Archive for the ‘moxie’ Category

Fetching instructions

Tuesday, September 7th, 2010

Moxie requires some interesting instruction fetch logic.

For my initial implementation I’m assuming a 32-bit path to instruction memory. But moxie has both 16- and 48-bit instructions, so it’s not like simple RISC cores that can feed the pipeline on every cycle. My solution is to feed 32-bit instruction memory words into a Instruction FIFO. 16- and 48-bit instructions pop out of the other end of the FIFO on every cycle (or a NOP bubble when we’re waiting for the last 16 bits of a 48-bit instruction). My initial Instruction FIFO is 64-bits long. From my simple testing it looks like this does a reasonable job of keeping the instruction memory path busy, and issuing instructions as often as possible (I’m just eyeballing the gtkwave output, reproduced below). I can experiment with a longer Instruction FIFO later.

This image shows a few signals from the Instruction FIFO. valid_o tells us that we’re popping off a valid instruction from the FIFO, whereas full_o tells us not to write any data to the FIFO because it’s full. So far, so good – decoupling the fetching of instruction memory from the rest of the pipeline is obviously the right thing to do.

One more complication that I’m going to punt on for now is PC tracking. Eventually we’ll want to pass the PC down the pipeline so we get accurate exception addresses. Tracking the PC through the Instruction FIFO is just one more little complication that I’ll tackle after I make more progress on the rest of the microarchitecture.

I’ve only done some behavioral simulation so far, but I believe the code is synthesizable. The code is in github here: http://bit.ly/9yVQ7U. Running make should build everything, then just run “a.out”.

Note that I’m using magic instruction memory: an array populated with a hello world app built like so…
$ moxie-elf-gcc -o hello.x -O2 hello.c -Tsim.ld
$ moxie-elf-objcopy -O verilog hello.x hello.vh

And the verilog simulator reads hello.vh directly. Pretty cool!

(I just realized I wrote about fetching instructions almost 18 months ago – that took too long!)

Still hacking…

Tuesday, May 11th, 2010

…Just in case you were wondering!

But it’s been slow going. The good news is that moxie is front and centre for me again, so let’s see what we can do over the next few weeks. And over these next few weeks I’m promising myself not to touch a C compiler until the moxie HDL code starts executing a few instructions.

Half Dome at Yosemite

In other news, I visited one of my favourite places this past weekend.
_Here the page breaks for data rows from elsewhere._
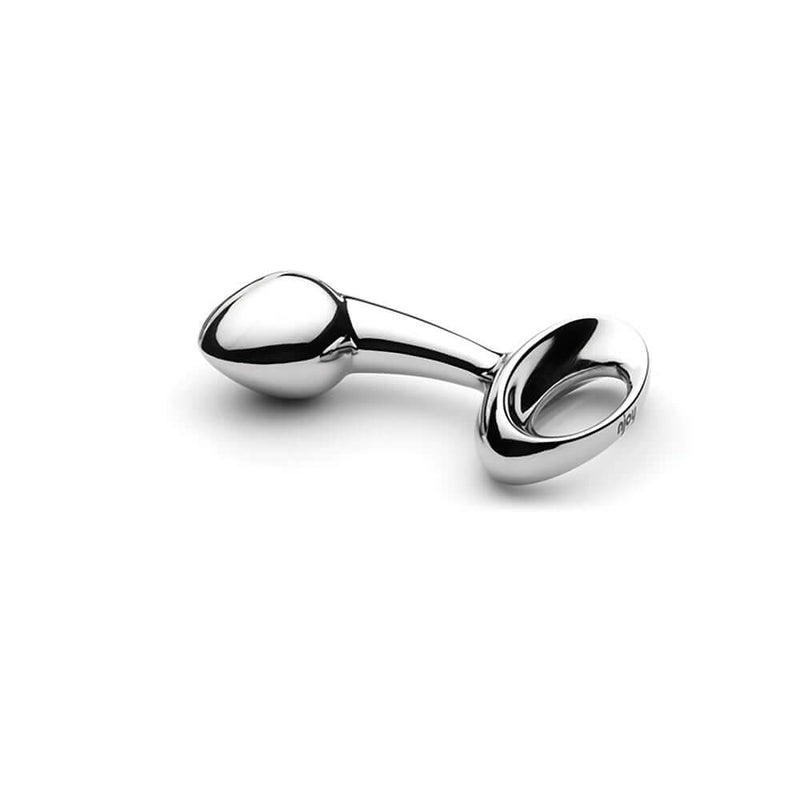 njoy Pure Stainless Steel Plug Small - luxury anal plug with a sleek design for comfort and exploration.
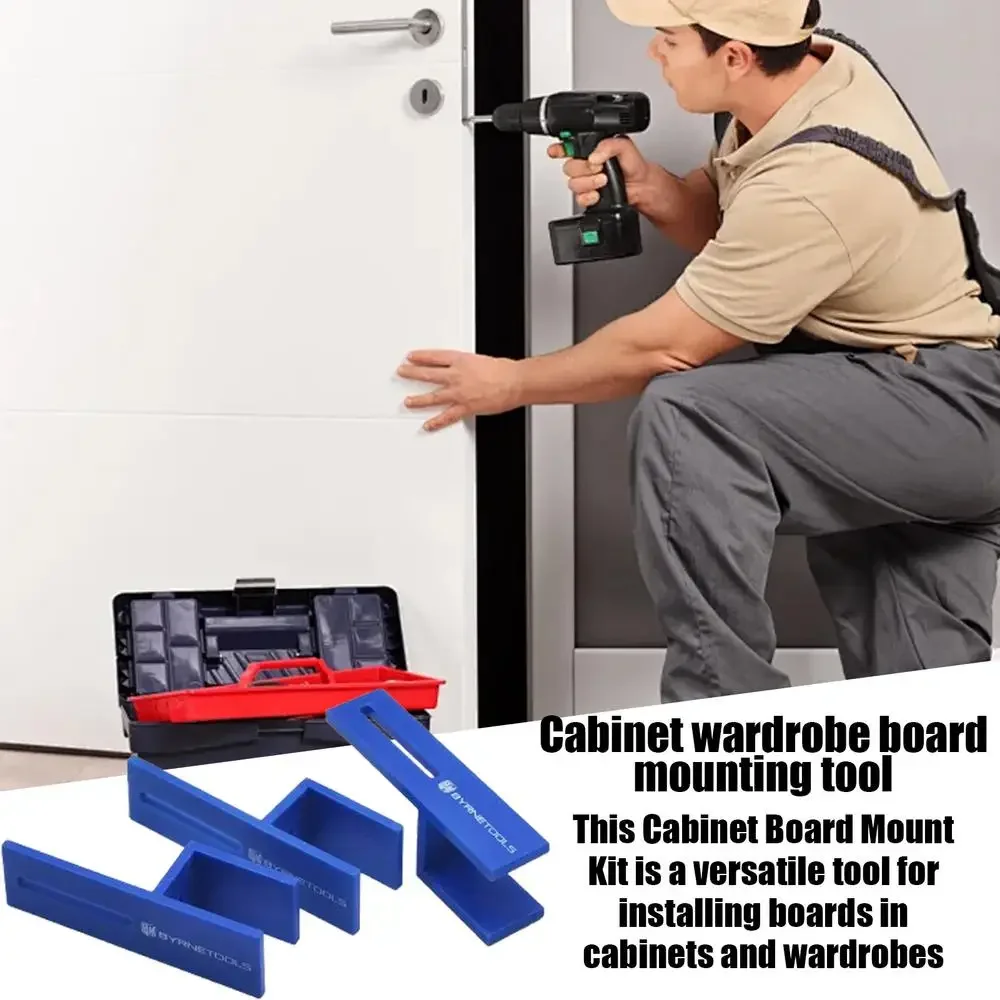 

3pcs Wood Jigs Closing Fixing Clip 18mm Measuring Marking Fixture Cabinet Wardrobe Wooden Board Carpentry Installation Tools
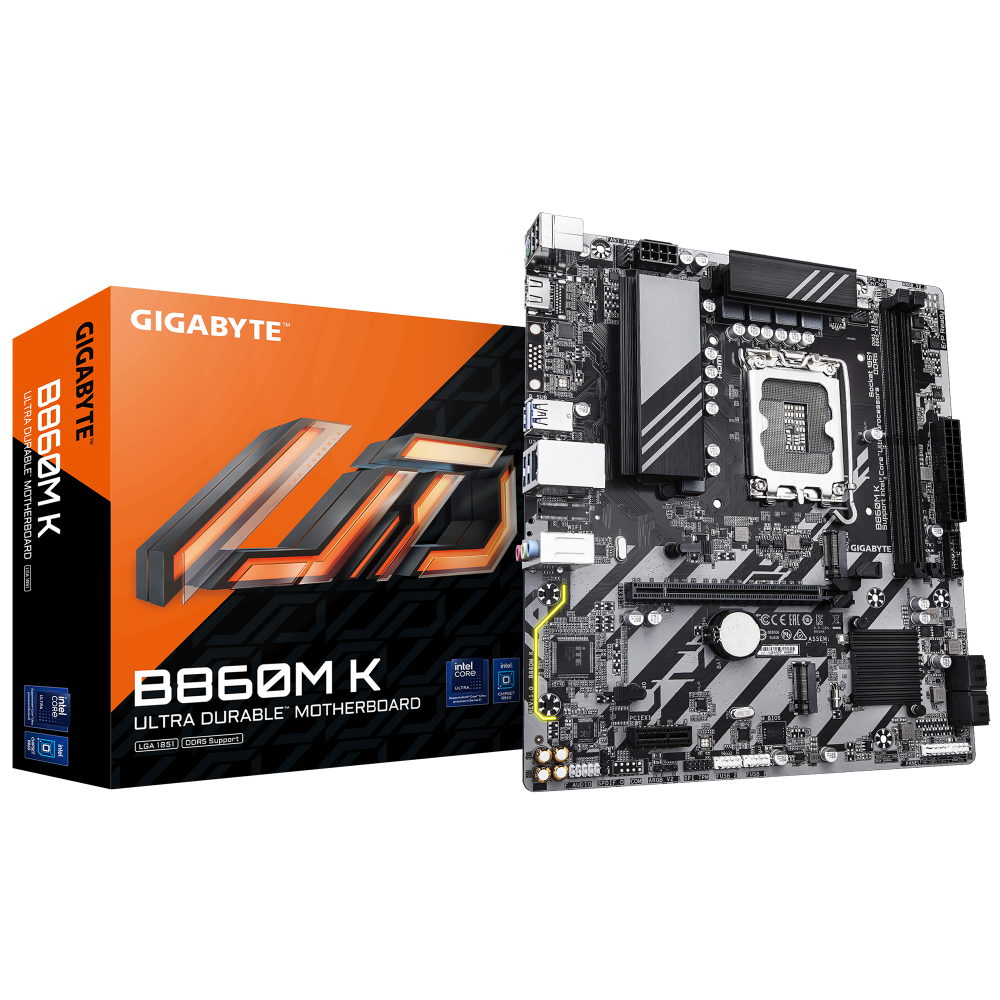 GIGABYTE B860M K DDR5 Intel Motherboard – TechCure India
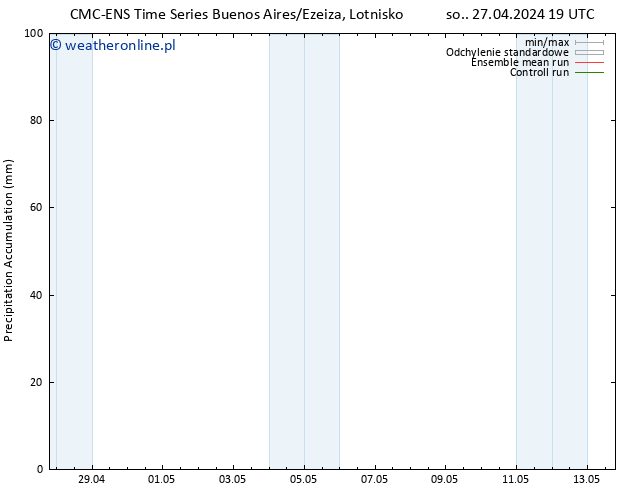 Precipitation accum. CMC TS nie. 28.04.2024 01 UTC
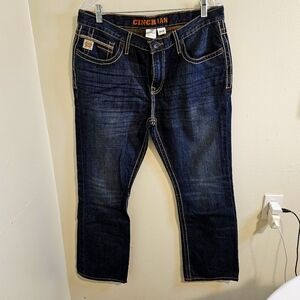 Cinch Dark Stone Wash Western Jeans Men's Size W35 L30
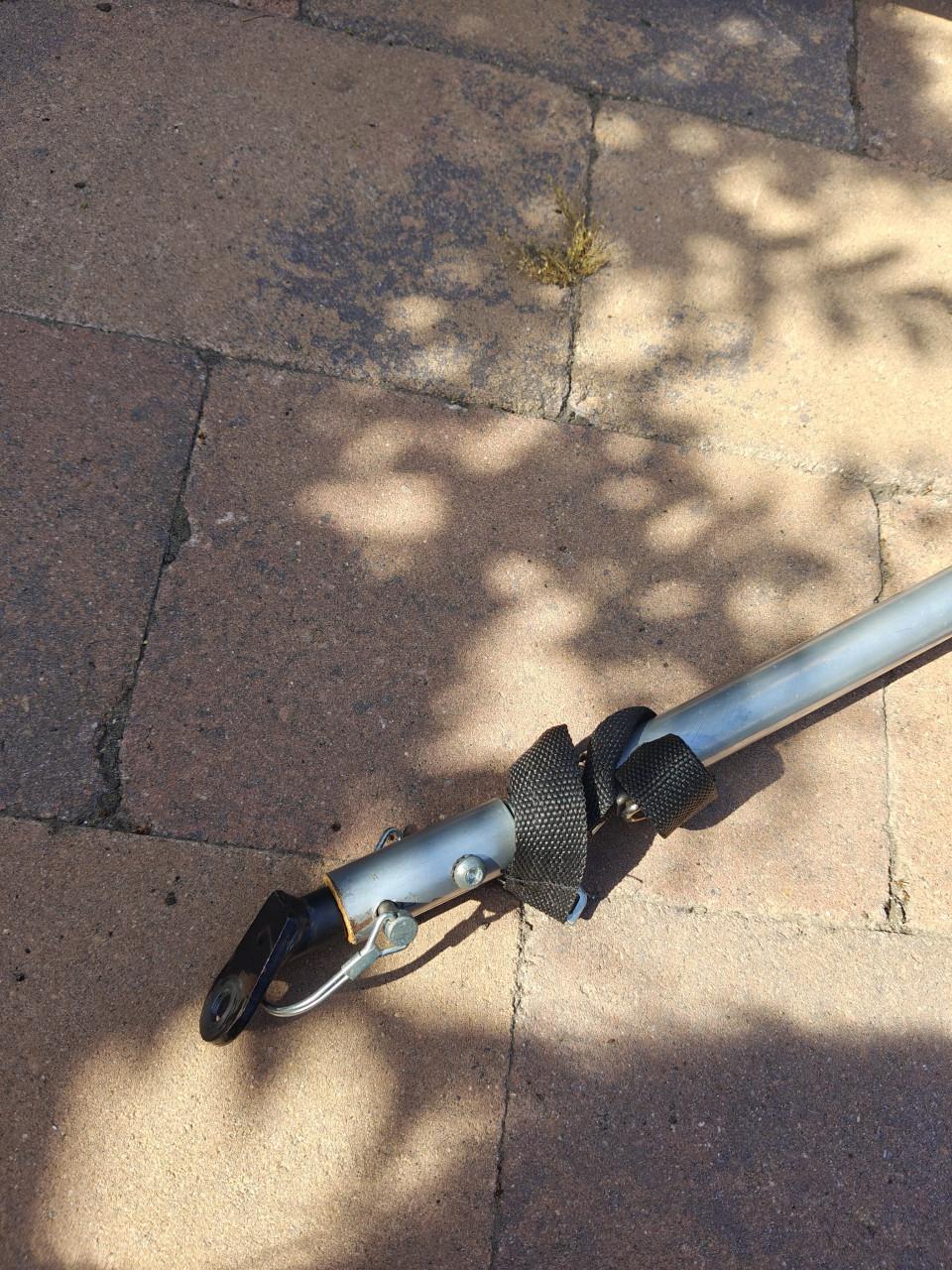 Fietskar hond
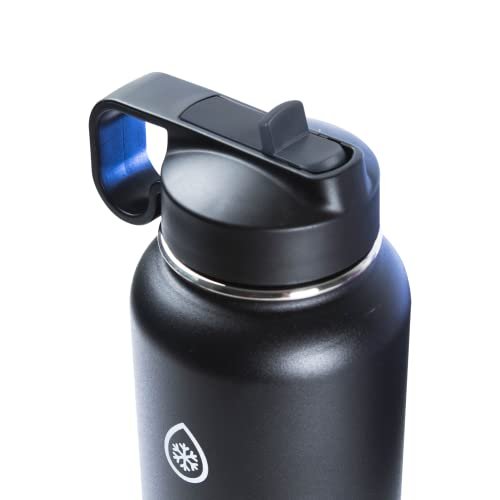 Thermoflask Double Stainless Steel Insulated Water Bottle with Two Lids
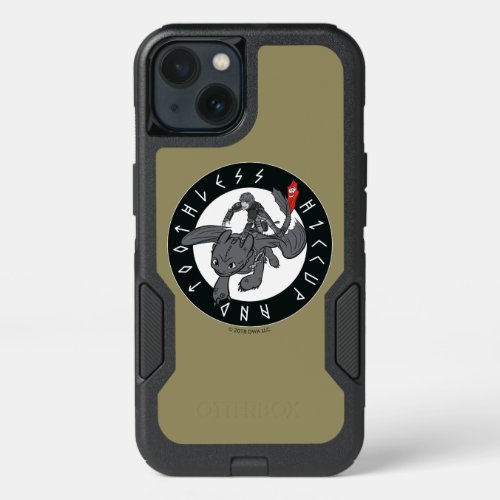 Hiccup And Toothless Runic Icon iPhone 13 Case
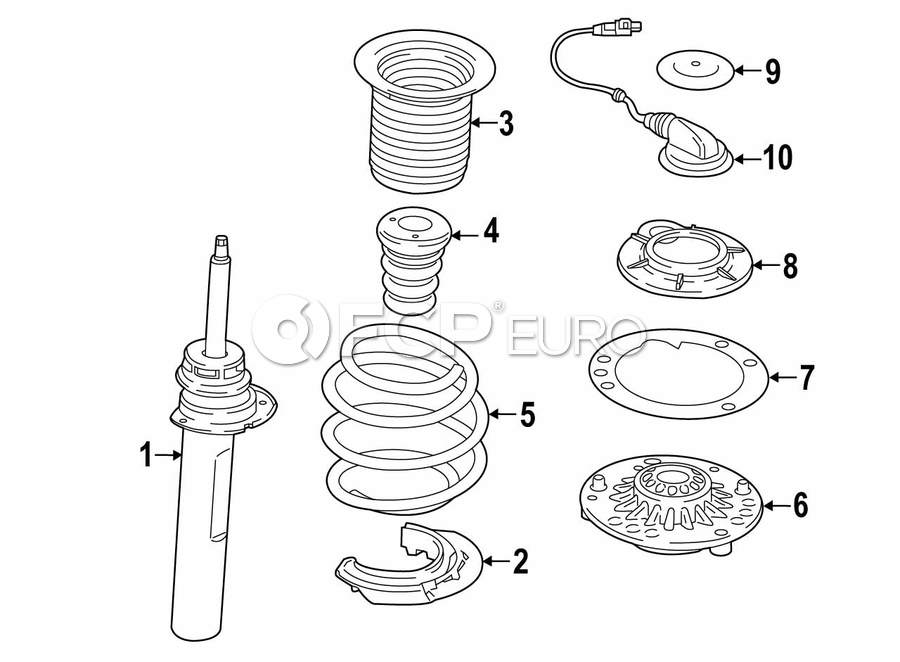 BMW Suspension Strut - Genuine BMW 31306888337 | FCP Euro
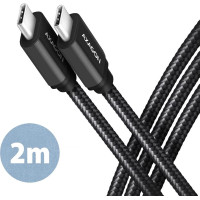 Axagon CABLE USB-C TO USB-C 2M 60W/BLACK BUCM3-CM20AB AXAGON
Yosemite is a great place to reset. Go there!

Summer is over, so put away the white pants and start submitting patches!

Thursday, September 10th, 2009

It’s been a while since my last update. What can I say… summer was nice.

But now, back to business! I’ve just committed some long overdue patches to the upstream GNU tools:

This gets us to booting the kernel, loading BusyBox, running some shell code and… crashing on the first fork. No problemo. Nothing a small matter of programming can’t fix. However, there are some other distractions…

Verilog is lots of fun! It looks like regular programming, but it feels more like building a kinetic sculpture.

There’s also the small matter of not having an interrupt controller! So there’s some work here to design an interrupt controller, implement it in verilog, simulate it qemu (and possibly the gdb sim), and port the kernel over to using it. This should be interesting…

More hello world progress with uClibc/uClinux, and a GDB question.

Tuesday, August 18th, 2009

Tonight I got a hello world app to use uClibc’s puts() routine! This is a big deal because it’s the first time I’ve had system calls coming in from userland. I haven’t checked the changes in yet, because they’re a mess, but here’s a basic run-down of what I had to do…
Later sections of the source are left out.